Short web captions:
Content starts

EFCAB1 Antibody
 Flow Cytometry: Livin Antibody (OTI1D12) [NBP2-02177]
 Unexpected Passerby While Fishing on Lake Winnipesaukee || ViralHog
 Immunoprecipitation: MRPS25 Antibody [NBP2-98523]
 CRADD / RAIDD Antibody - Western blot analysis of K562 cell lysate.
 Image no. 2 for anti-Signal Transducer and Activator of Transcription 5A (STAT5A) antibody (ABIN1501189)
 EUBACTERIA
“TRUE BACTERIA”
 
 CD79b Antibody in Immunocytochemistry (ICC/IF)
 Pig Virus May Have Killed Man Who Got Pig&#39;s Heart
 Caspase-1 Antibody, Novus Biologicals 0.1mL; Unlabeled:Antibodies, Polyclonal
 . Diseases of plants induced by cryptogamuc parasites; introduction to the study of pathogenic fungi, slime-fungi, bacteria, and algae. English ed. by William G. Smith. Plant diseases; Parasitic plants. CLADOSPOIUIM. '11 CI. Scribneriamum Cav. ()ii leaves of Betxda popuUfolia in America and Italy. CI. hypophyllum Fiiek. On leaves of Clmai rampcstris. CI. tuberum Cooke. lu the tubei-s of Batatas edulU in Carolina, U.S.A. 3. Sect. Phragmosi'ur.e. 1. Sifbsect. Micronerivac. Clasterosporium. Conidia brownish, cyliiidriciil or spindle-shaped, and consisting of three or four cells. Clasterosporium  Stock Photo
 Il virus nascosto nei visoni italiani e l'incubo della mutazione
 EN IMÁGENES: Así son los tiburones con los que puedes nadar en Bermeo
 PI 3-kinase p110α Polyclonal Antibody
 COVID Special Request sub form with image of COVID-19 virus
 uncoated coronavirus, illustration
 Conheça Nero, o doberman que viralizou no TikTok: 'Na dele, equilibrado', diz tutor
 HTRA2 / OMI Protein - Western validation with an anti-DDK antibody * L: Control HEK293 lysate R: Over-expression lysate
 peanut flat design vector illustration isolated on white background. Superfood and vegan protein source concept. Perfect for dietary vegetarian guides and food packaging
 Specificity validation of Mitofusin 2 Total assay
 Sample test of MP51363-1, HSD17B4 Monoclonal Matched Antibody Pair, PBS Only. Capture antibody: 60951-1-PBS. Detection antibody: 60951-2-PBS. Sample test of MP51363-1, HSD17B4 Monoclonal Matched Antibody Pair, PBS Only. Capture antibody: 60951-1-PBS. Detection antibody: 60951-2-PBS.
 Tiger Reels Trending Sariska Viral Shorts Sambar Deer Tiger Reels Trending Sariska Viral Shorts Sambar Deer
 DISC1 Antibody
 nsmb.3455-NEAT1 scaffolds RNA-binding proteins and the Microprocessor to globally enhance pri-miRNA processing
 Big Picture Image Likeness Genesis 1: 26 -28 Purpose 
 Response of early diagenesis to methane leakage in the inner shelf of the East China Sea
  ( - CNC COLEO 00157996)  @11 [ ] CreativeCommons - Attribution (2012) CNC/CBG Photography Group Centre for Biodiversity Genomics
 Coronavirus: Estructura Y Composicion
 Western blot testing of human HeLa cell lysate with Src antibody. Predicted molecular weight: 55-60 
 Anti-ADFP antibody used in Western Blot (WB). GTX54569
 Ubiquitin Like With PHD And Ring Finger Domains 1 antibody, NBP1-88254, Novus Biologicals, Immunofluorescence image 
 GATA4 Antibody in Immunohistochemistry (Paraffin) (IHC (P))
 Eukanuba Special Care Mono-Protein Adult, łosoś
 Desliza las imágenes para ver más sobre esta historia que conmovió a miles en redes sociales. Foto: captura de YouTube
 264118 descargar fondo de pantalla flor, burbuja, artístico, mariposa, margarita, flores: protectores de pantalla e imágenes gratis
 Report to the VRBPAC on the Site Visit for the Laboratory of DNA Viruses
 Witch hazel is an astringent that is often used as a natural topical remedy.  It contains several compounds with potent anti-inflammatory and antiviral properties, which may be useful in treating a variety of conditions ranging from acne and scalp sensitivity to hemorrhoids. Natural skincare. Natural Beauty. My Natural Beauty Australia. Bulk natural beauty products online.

Content ends

Problem statement:
For each line in the data that contains the string "validation", give a copy of that line.

Output below:
 HTRA2 / OMI Protein - Western validation with an anti-DDK antibody * L: Control HEK293 lysate R: Over-expression lysate
 Specificity validation of Mitofusin 2 Total assay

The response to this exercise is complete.